● **PROBLEM**:
Please copy every record below exactly, but leave the pictures out.

=== Section Start ===

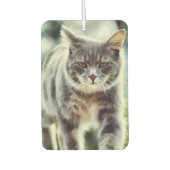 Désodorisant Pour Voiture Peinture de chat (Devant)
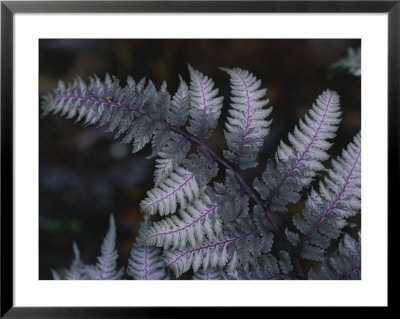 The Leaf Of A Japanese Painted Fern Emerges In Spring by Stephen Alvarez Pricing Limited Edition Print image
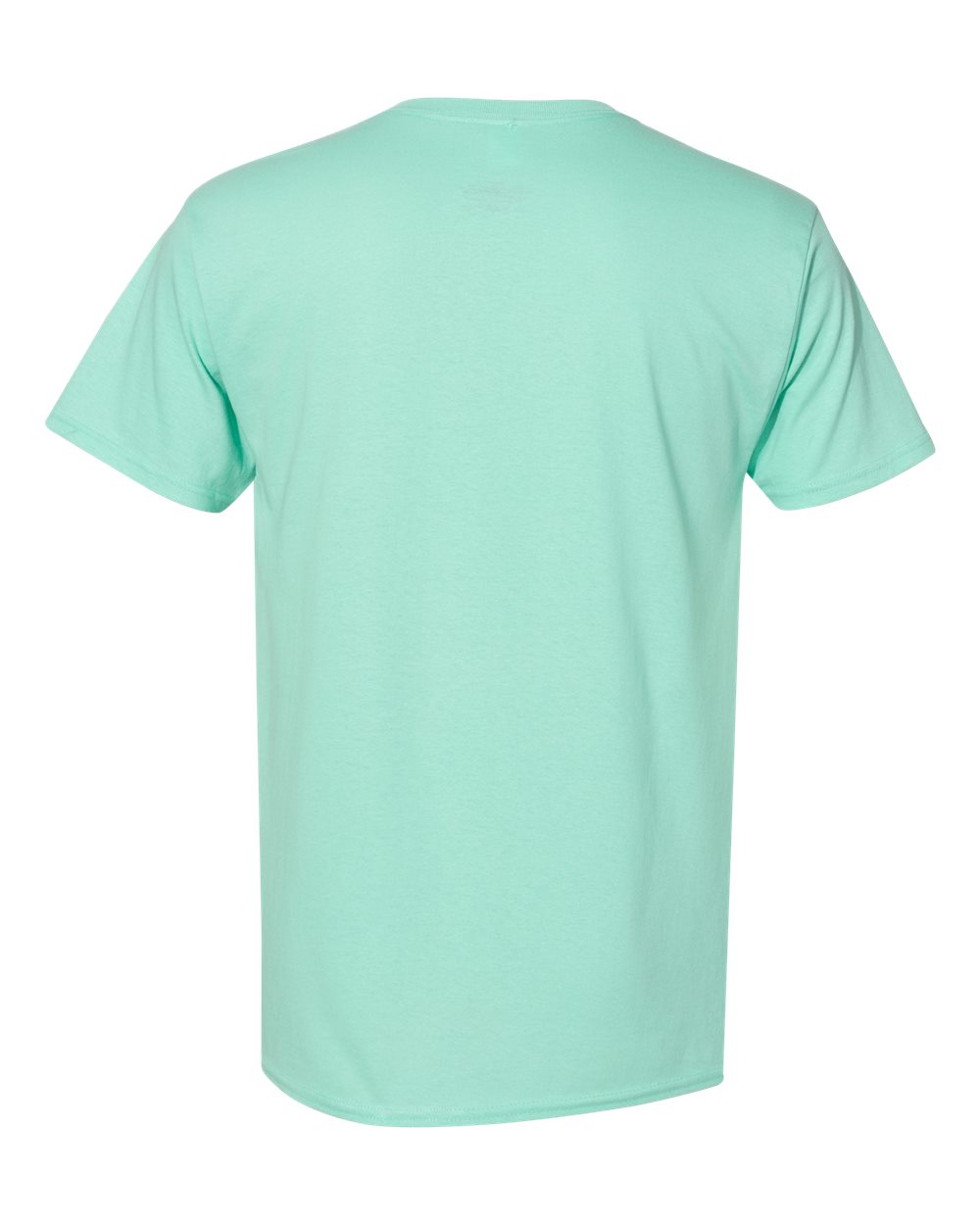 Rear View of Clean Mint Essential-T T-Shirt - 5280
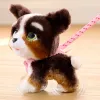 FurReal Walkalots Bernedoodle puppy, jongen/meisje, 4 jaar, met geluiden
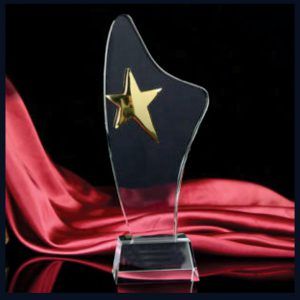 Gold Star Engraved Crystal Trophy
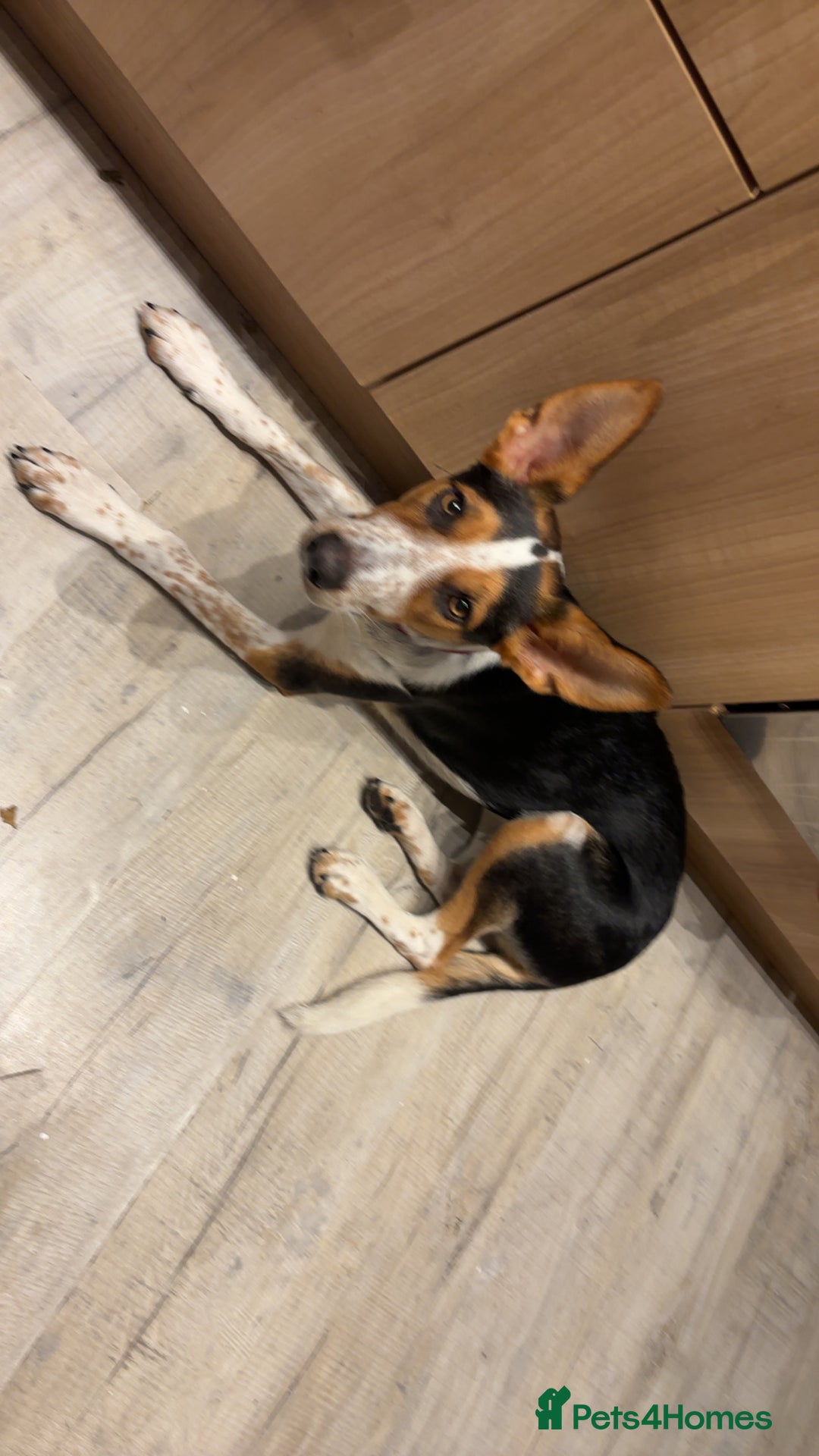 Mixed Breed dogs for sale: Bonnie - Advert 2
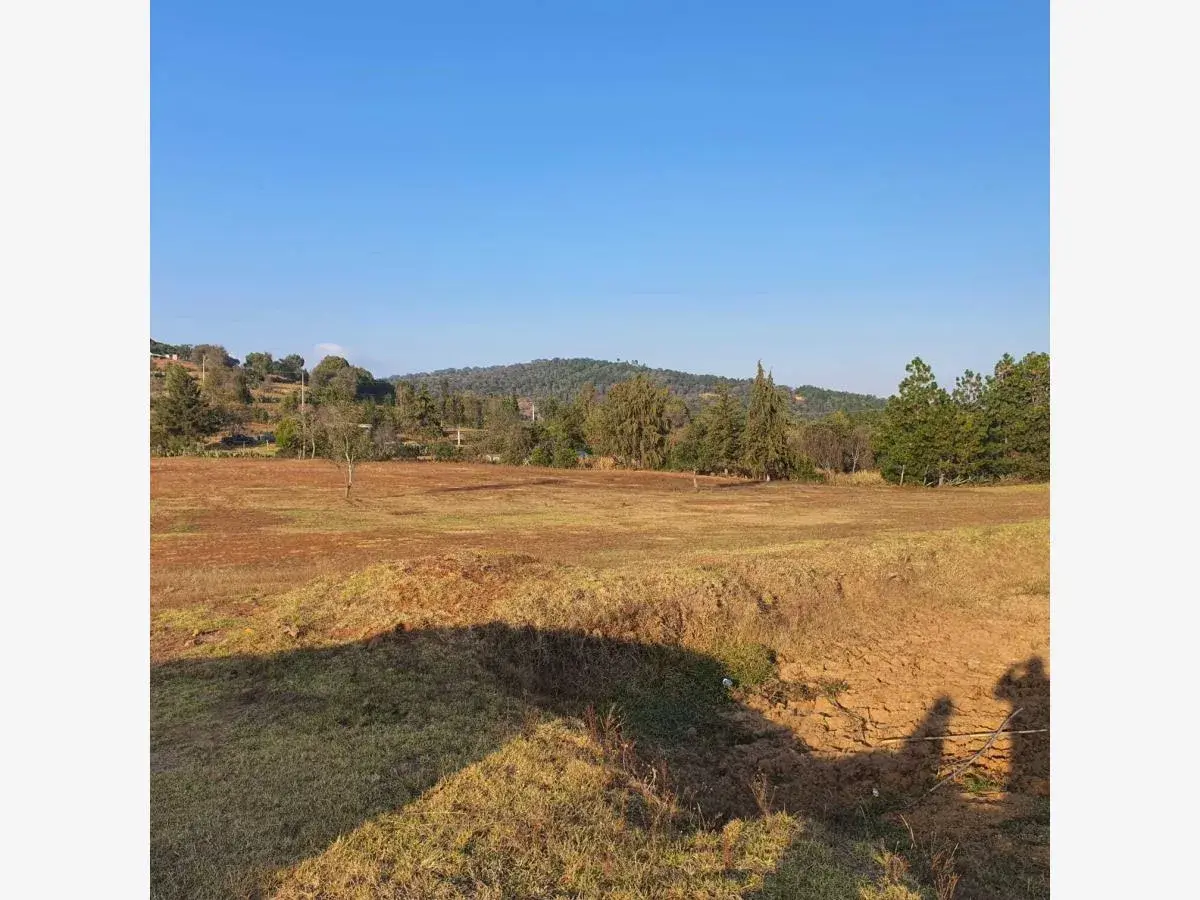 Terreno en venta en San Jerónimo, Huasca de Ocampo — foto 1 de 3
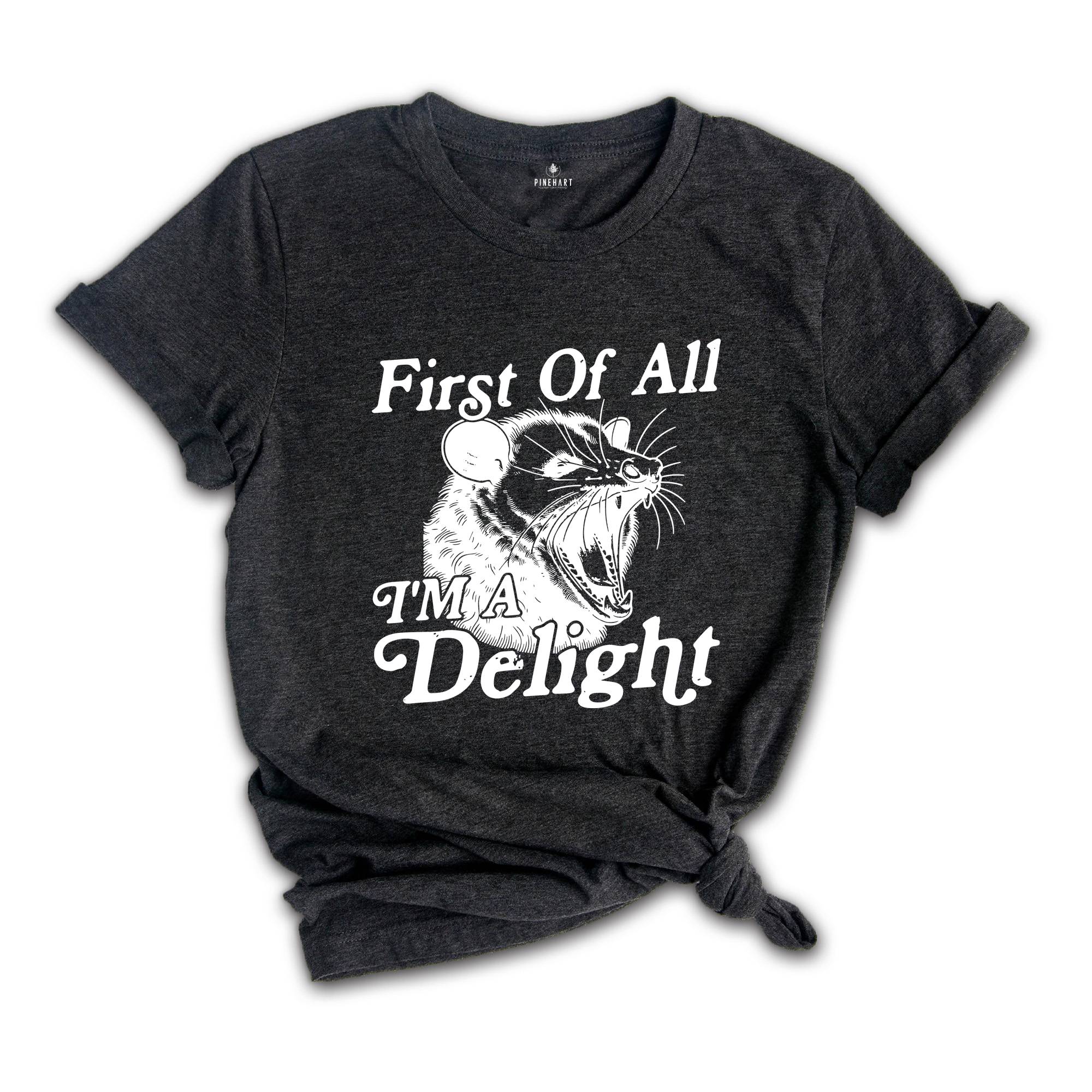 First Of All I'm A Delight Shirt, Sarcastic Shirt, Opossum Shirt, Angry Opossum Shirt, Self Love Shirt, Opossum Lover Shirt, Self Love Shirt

=== Section End ===

● **RESULT OF THIS TASK**:
 Désodorisant Pour Voiture Peinture de chat (Devant)
 The Leaf Of A Japanese Painted Fern Emerges In Spring by Stephen Alvarez Pricing Limited Edition Print image
 Rear View of Clean Mint Essential-T T-Shirt - 5280
 FurReal Walkalots Bernedoodle puppy, jongen/meisje, 4 jaar, met geluiden
 Gold Star Engraved Crystal Trophy
 Mixed Breed dogs for sale: Bonnie - Advert 2
 Terreno en venta en San Jerónimo, Huasca de Ocampo — foto 1 de 3
 First Of All I'm A Delight Shirt, Sarcastic Shirt, Opossum Shirt, Angry Opossum Shirt, Self Love Shirt, Opossum Lover Shirt, Self Love Shirt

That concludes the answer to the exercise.